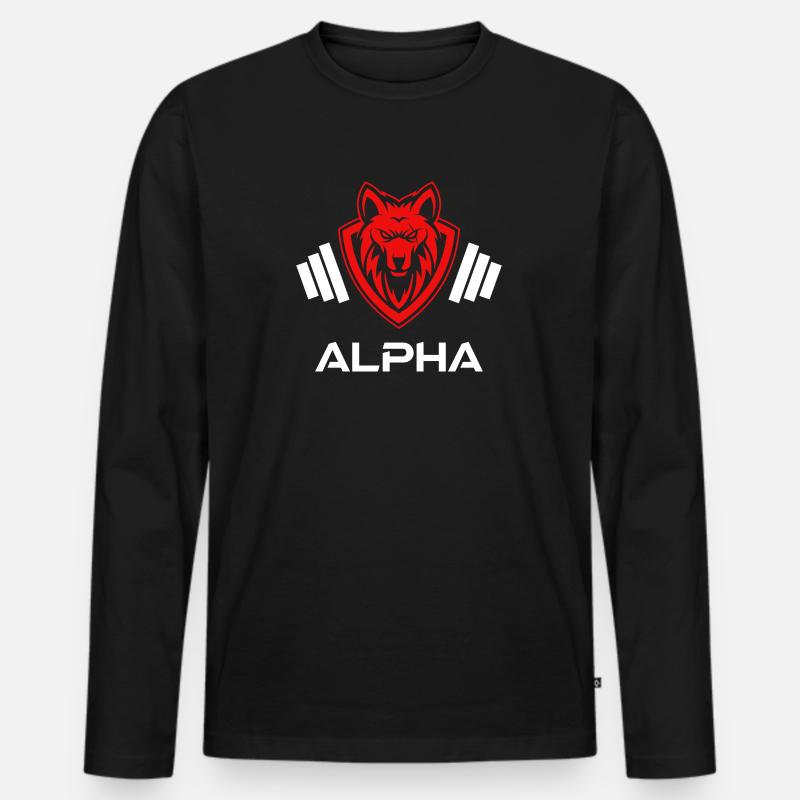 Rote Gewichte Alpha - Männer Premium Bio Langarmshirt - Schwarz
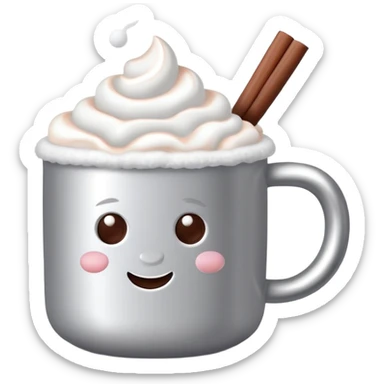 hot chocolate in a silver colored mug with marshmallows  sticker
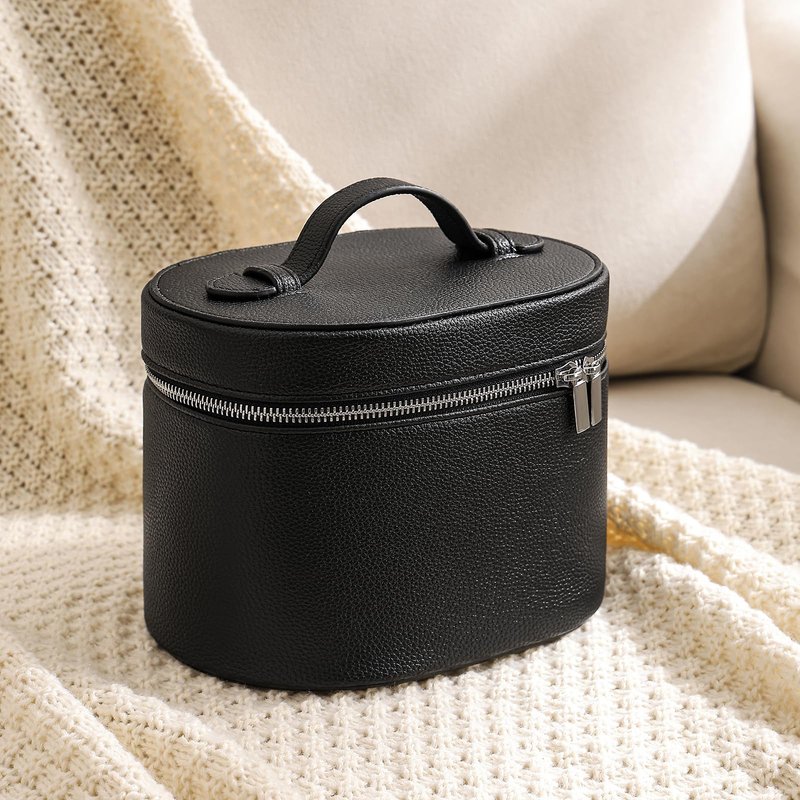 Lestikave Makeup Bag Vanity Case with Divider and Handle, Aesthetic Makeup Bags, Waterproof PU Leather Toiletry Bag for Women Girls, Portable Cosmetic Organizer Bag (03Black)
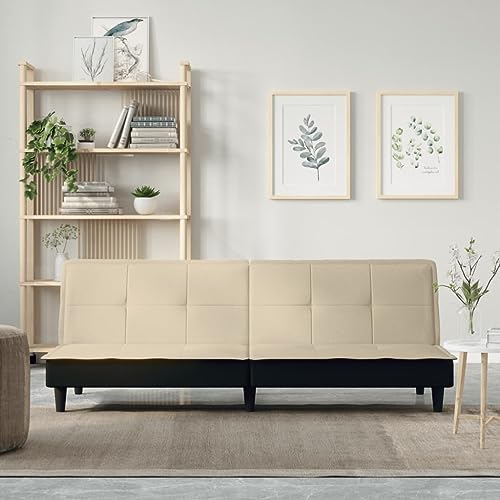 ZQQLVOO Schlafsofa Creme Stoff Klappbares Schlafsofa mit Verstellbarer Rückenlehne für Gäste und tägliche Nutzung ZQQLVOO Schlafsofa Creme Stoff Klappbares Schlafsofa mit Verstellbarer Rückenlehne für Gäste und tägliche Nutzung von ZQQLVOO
________
> EXERCISE BRIEF
Would you copy the lines from the one holding "Lestikave Makeup Bag" down to the last line of the material, both included, exactly and with nothing added, skipping the pictures?

> RESULT BELOW
 Lestikave Makeup Bag Vanity Case with Divider and Handle, Aesthetic Makeup Bags, Waterproof PU Leather Toiletry Bag for Women Girls, Portable Cosmetic Organizer Bag (03Black)
 ZQQLVOO Schlafsofa Creme Stoff Klappbares Schlafsofa mit Verstellbarer Rückenlehne für Gäste und tägliche Nutzung ZQQLVOO Schlafsofa Creme Stoff Klappbares Schlafsofa mit Verstellbarer Rückenlehne für Gäste und tägliche Nutzung von ZQQLVOO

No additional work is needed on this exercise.